PII restrictions “continue to harm industry” suggests latest CLC survey
14 June 2022
THE LIMITED availability of professional indemnity insurance (PII), in tandem with costly premiums, is continuing to harm construction businesses and limit firms’ ability to work on building safety remediation. That’s according to the second annual survey conducted by the Construction Leadership Council’s (CLC) PII Group.
The cross-industry survey reveals no real easing in the PII cover available to the profession since the PII Group carried out its first survey on this matter 12 months ago. The 2022 survey, which received 652 responses, has found that, although high-rise residential work represents just 5% or less of the current workload for two-thirds of businesses, many are still suffering from increased premiums and excess levels, coupled with wide-ranging exclusions on cover.
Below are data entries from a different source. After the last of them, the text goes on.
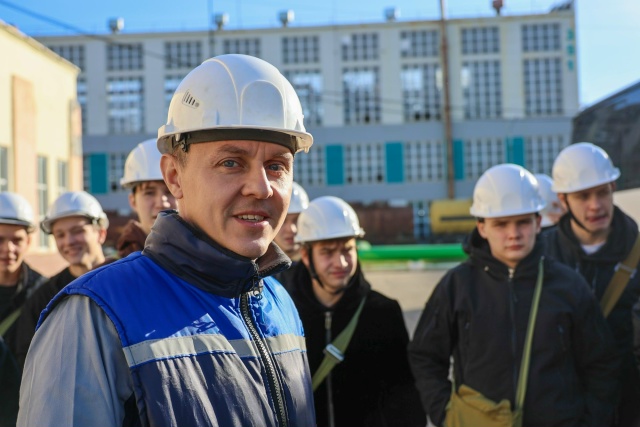 Сварщики востребованы на заводе пресс-служба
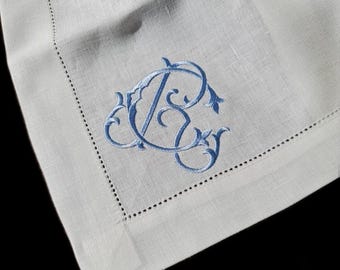 Luxurious Linen Napkins, Interlock Monogram Linen Napkin, Antique Linen Dinner Napkins, Customized Linen Wedding Napkin, Personalized Napkin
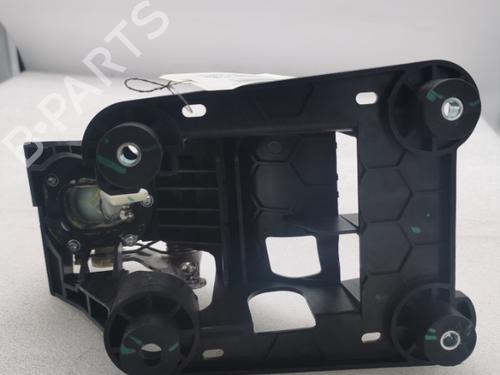 Used Gear lever Gear lever PEUGEOT 208 I (CA_, CC_) 1.6 BlueHDi 100 (100 hp) 20967799 20967799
The CLC PII Group is “particularly concerned” that the situation is having a disproportionate effect on the ability of SMEs to take on work where cover for fire safety is required, to pay their premiums and to meet their claim excess in the event of a claim coming to fruition.
Nearly one-in-five (ie 17%) of respondents are paying more than 5% of their turnover for their annual premium. One-in-20 (5%) are paying more than 10% of their turnover for their premium, which is unsustainable for smaller businesses. Nearly a quarter (22%) of respondents are still unable to buy the cover they want or need. This represents a slight improvement on the 29% recorded in 2021.
Further, close on seven out of every ten respondents (68%) had restrictions on cover for fire safety (the same as in 2021). A quarter (24%) have lost jobs as a result of inadequate PI insurance compared with 31% in 2021, while three out of every ten respondents (30%) have changed the nature of their work due to inadequate PII. This figure compares with 29% last year.
More than four-in-ten (42%) said that the experience of buying PII was significantly worse than their last renewal. A third (33%) of respondents have been declined insurance by three insurers or more, which is an improvement on 2021 when this figure stood at 44%.
Slightly more respondents have secured a claim excess that’s 2% or less of their turnover (67% of them, in fact, compared to 64% last year). Just over one-in-ten (12%) harbour an excess that’s 21% of their turnover or more compared to 4% of respondents last year. There has been a slight improvement in the amount of cover available for ‘any one claim’ rather than ‘in the aggregate’ (64% compared to 60% last year).Commenting on the survey results, Samantha Peat (managing director at Wren Managers and chair of the CLC’s PII Group) stated: “The market conditions for PII cover remain extremely tough for construction firms, and particularly so SMEs. In light of the energy price rises and materials inflation, these are worrying times. The CLC’s PII Group will continue to work with Government and insurers to try and ease the situation.”